* _BRIEF_
These records contain pictures, which must be left out; copy exactly the lines from the one with "2019 Nissan Kicks" up to and including the one with "Шумен: Hotel Minaliat Vek".

* _MATERIAL TO PROCESS_
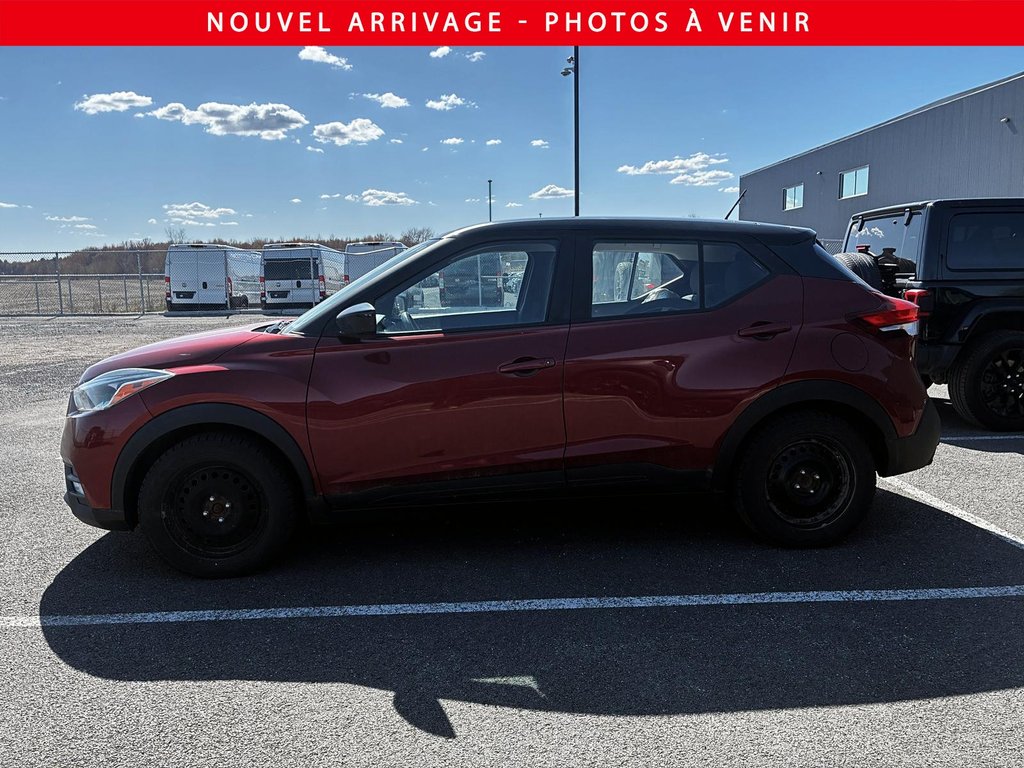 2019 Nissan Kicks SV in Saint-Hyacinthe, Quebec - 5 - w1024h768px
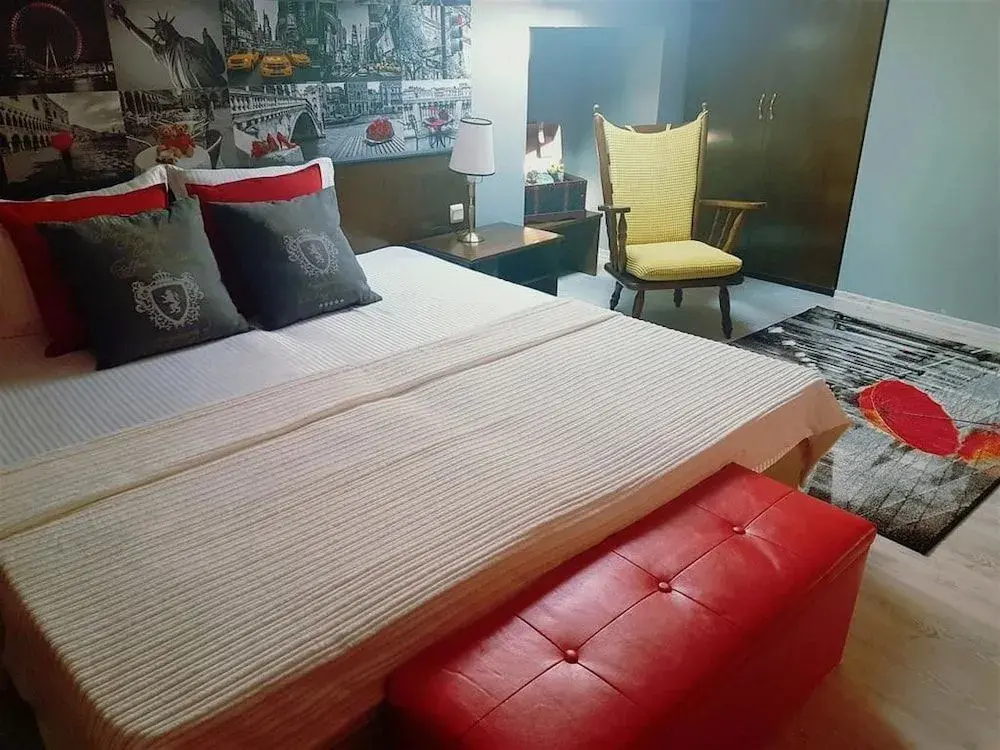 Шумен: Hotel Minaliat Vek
...
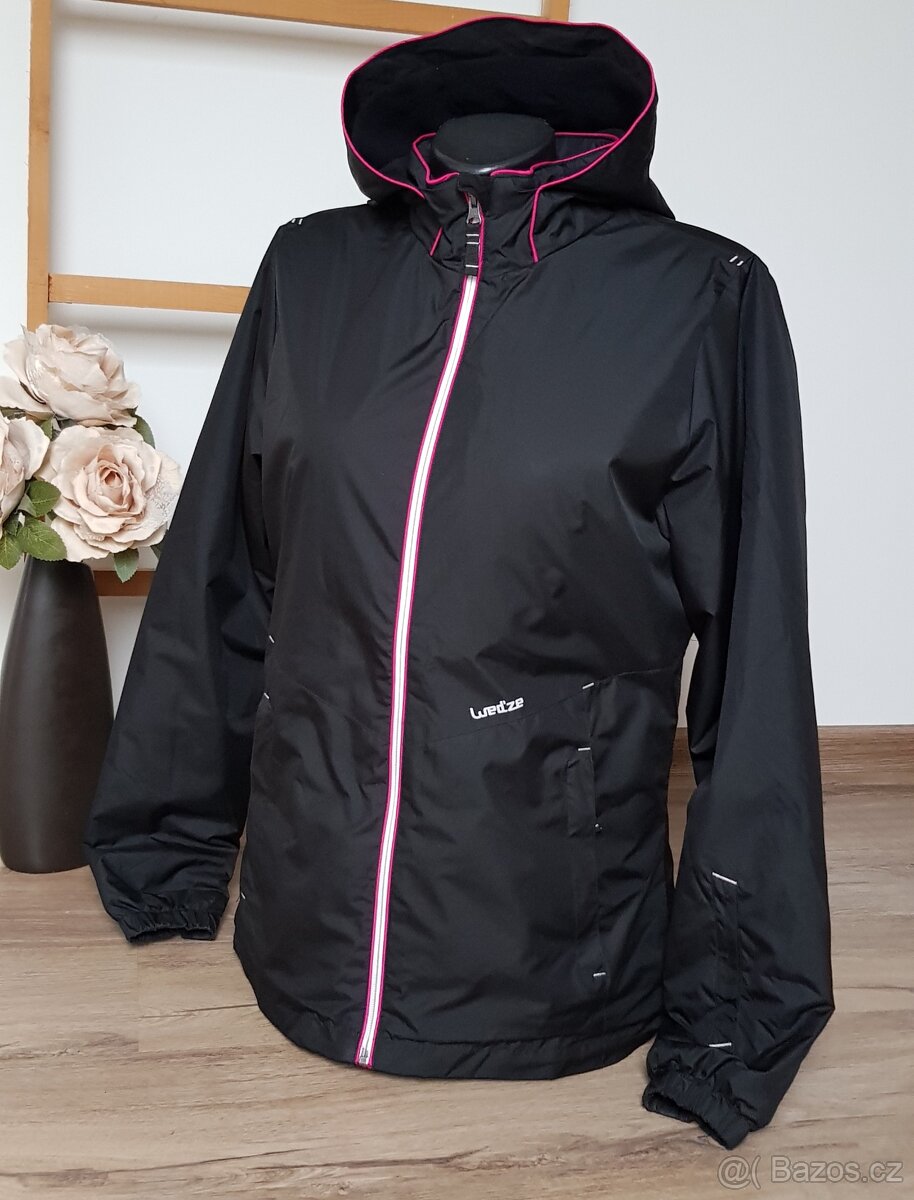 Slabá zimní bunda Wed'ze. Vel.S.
==
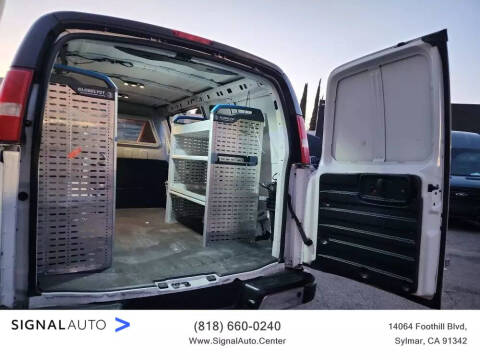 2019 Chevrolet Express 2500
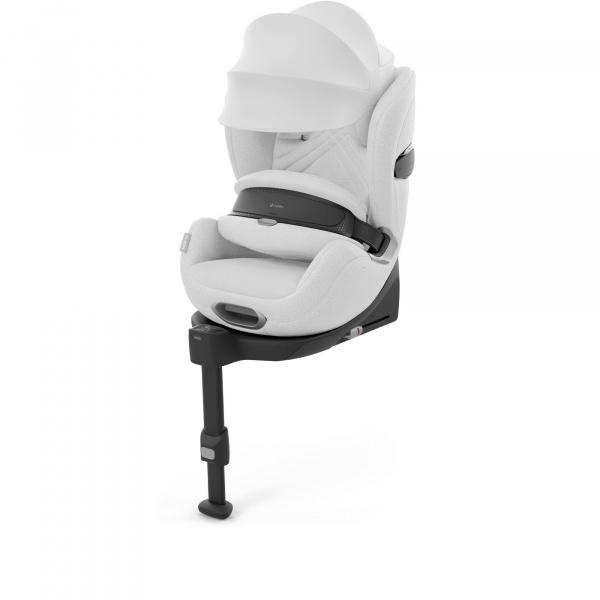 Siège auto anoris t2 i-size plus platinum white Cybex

* _RESULT OF THIS TASK_
 2019 Nissan Kicks SV in Saint-Hyacinthe, Quebec - 5 - w1024h768px
 Шумен: Hotel Minaliat Vek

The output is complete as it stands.